McGraw died of brain cancer at the home of his son, country music star Tim McGraw, outside of Nashville, team spokesman Larry Shenk said. He had been battling the disease since March when he underwent surgery for a malignant tumor.

McGraw participated in the closing ceremonies for Veterans Stadium, which will be demolished next month. During the program, he re-enacted his final pitch of the 1980 World Series, striking out Kansas City's Willie Wilson for the title.


A left-hander who threw a screwball, McGraw was a bit of screwball himself, a fan favorite in New York, Philadelphia and throughout the majors.

Once asked whether he preferred to play on a grass field or an artificial surface, he said, "I don't know. I never smoked any AstroTurf."

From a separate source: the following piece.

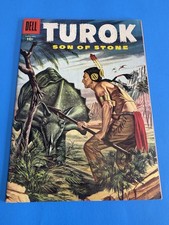 TUROK SON OF STONE 3 STUNNING COPY DELL 1956 DINOSAUR CVR FREE SHIPPING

I've never been a Mets fan, but that didn't matter. You couldn't help but like Tug regardless of your team loyalty. He brought a zest to the game that just made you smile. Rest in peace, Tug McGraw.

Posted by Charles Kuffner on January 05, 2004 to Baseball | TrackBack

Yes, but at least the Dead Pool has shed first blood.

Posted by: Laurence Simon on January 5, 2004 9:55 PM

Tug McGraw was the first New York baseball "character" or "flake" (and I mean that in the best way possible) I grew up with (Jim Bouton was before I was born and Sparky Lyle would come later.) I even remember reading his autobiography "Screwball" when I was 12 (where I first read the Astroturf quote). Regardless of the situation, he brought a positive attitude to the game and made baseball fun to watch.

Later on, he brought that charisma to the sports desk on both New York and Philadelphia TV. Even though his playing days were over, he was still the same character he always was.